The leading battery maker added that among 14 ITC suits which had final rulings postponed, nine cases found the defendant guilty of violating customs law.
SK Innovation, on the other hand, bet on the possibility that the delay signals resistance among ITC judges to uphold the initial determination.
“The ITC has once again postponed the announcement by a full two-month period, and that proves that the commission is thoroughly reviewing the core agenda on violation of trade secrets as well as the economic impact the ruling will have on the U.S. economy,” the company said in a statement.
For SK’s part, the ITC reconsidering the case with a stronger focus on trade secret violations wouldn’t be a loss, as the initial determination in February was grounded on the company having damaged evidential data.
The battery maker also has two plants under construction in the U.S. state of Georgia — projects lauded by state officials as among the region’s largest foreign investment ever. Its client carmakers Volkswagen and Ford had also come out in support of SK, submitting statements to the ITC earlier this year expressing concern of a supply disruption.
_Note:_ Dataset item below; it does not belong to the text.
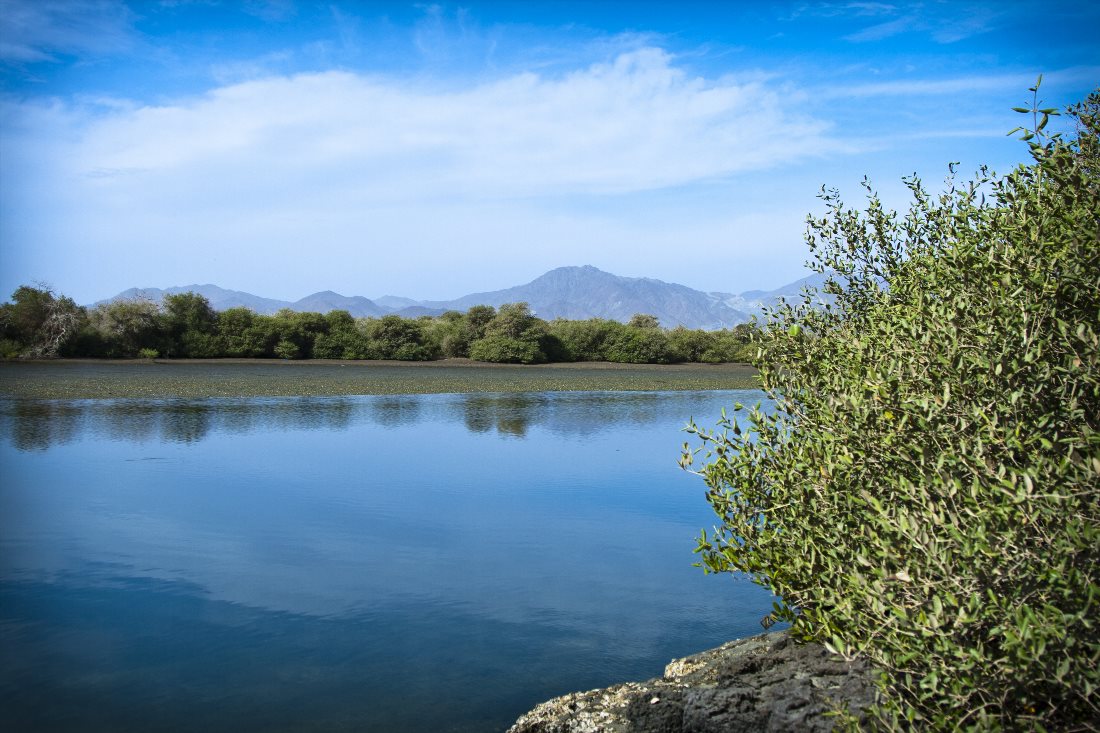 Заповеднике «Al Qurm Nature Reserve»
In its statement, SK Innovation expressed hope that an agreement could be reached.
“The prolonged lawsuit that now enters its third year also extends a period of uncertainty,” the company said in its Thursday statement. “We hope both parties can end the dispute in the near future and focus resources on their respective business.”
The two companies have engaged in talks to reach an agreement after the initial determination was made in favor of LG. But according to local reports, they failed to narrow down their opinions on the scope of the damage and the volume of compensation.